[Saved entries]
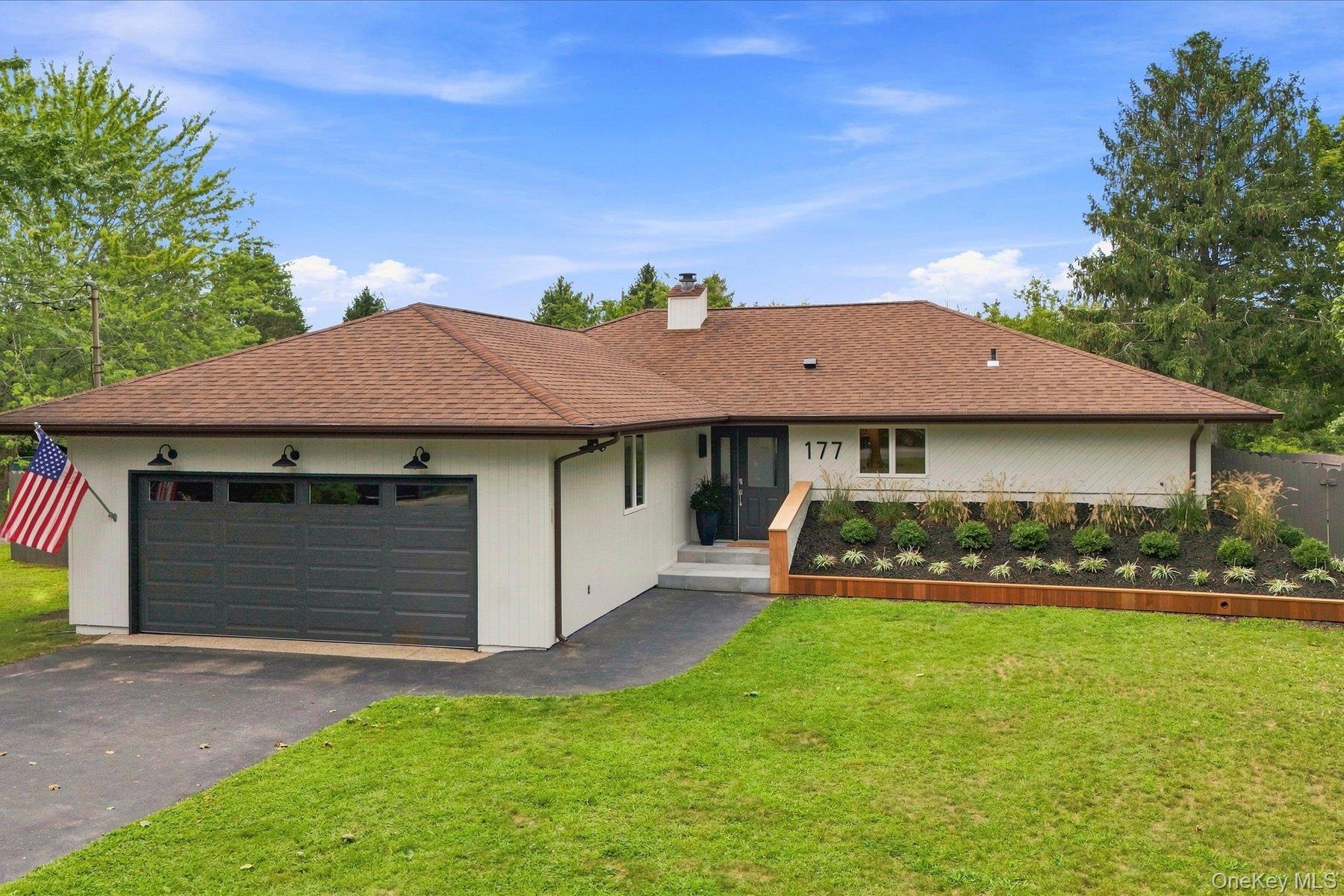 177 Herricks Lane – For Sale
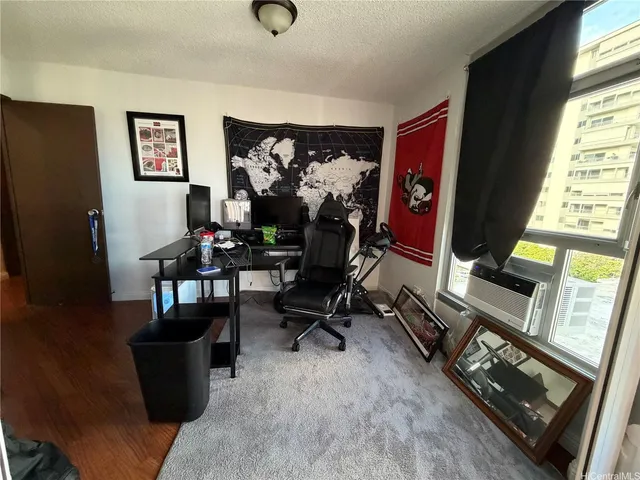 $420,000 | 1031 Maunaihi Place, Unit 801, Honolulu, HI 96822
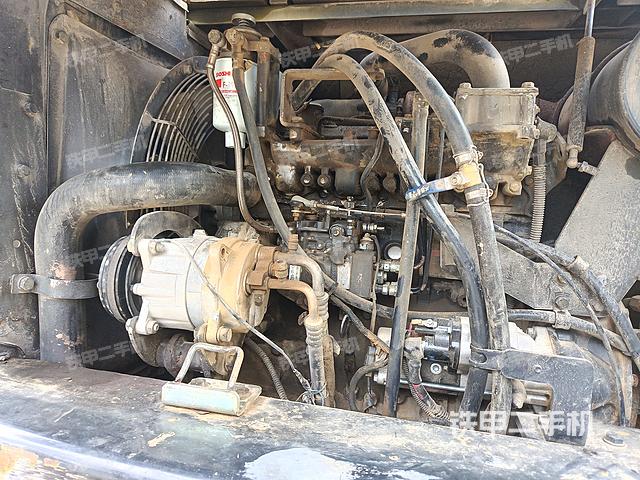 发动机整体俯视（整机外观）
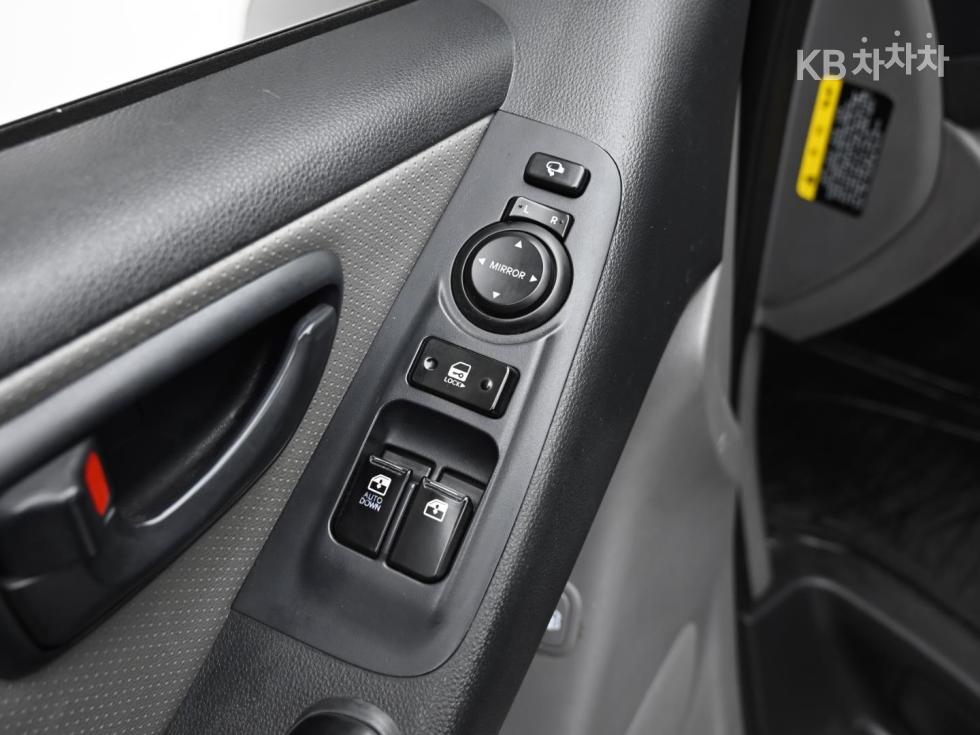 Hyundai Starex — miniaturë 18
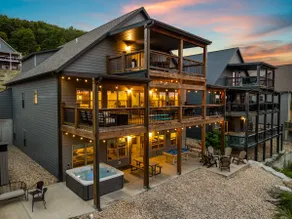 Table Rock Lake View! Two Community Pools! - Image 4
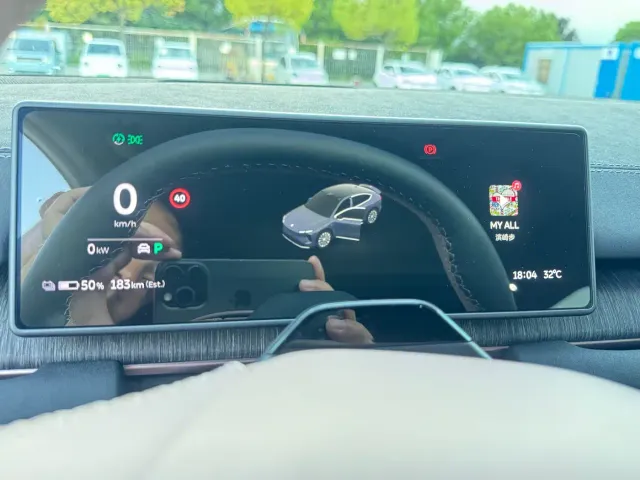 Nio EC6 — Фото автомобиля 9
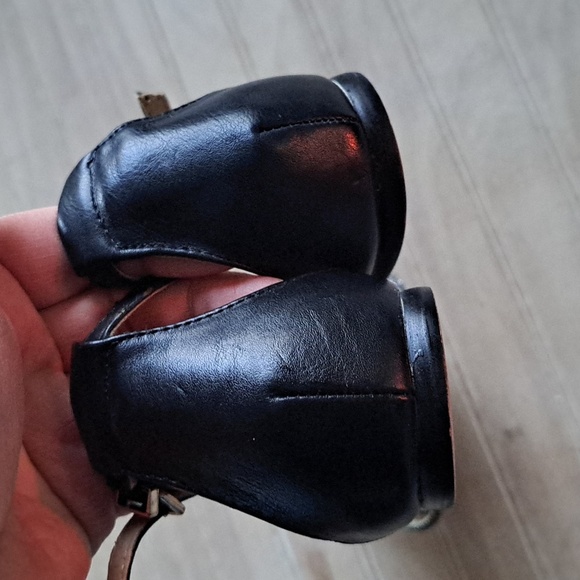 G.C Metallic Silver Sparkle Glam Retro Vintage Inspired Ankle Strap T-Strap Flat - Picture 4 of 11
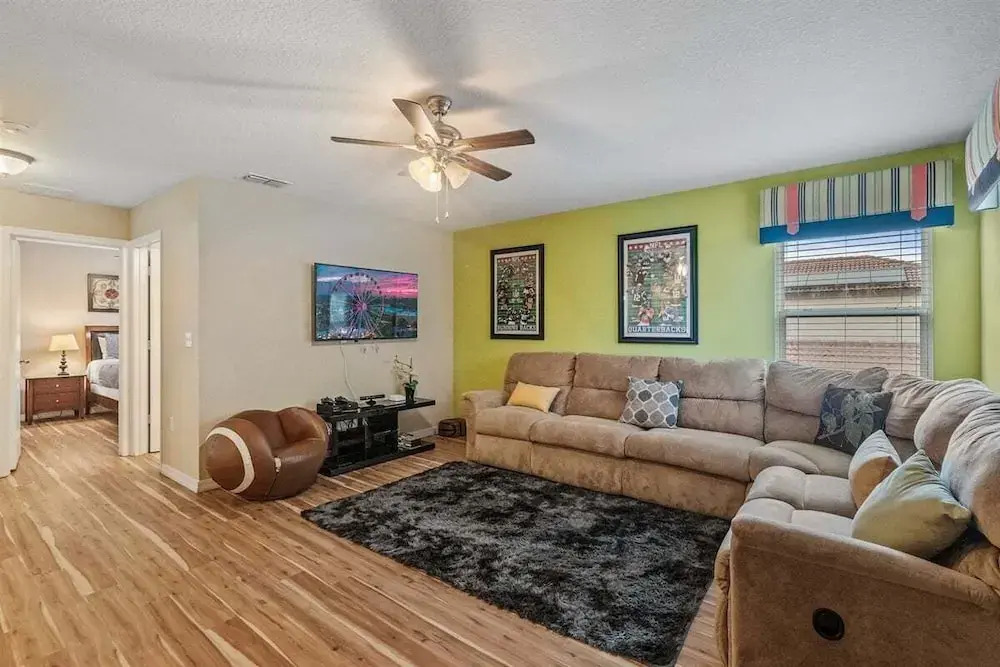 2820-5-rc-impeccable Corner lot Home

YOUR GOAL: The entries above should be written out in full, and any picture in them left out.

SOLVED PROBLEM:
 177 Herricks Lane – For Sale
 $420,000 | 1031 Maunaihi Place, Unit 801, Honolulu, HI 96822
 发动机整体俯视（整机外观）
 Hyundai Starex — miniaturë 18
 Table Rock Lake View! Two Community Pools! - Image 4
 Nio EC6 — Фото автомобиля 9
 G.C Metallic Silver Sparkle Glam Retro Vintage Inspired Ankle Strap T-Strap Flat - Picture 4 of 11
 2820-5-rc-impeccable Corner lot Home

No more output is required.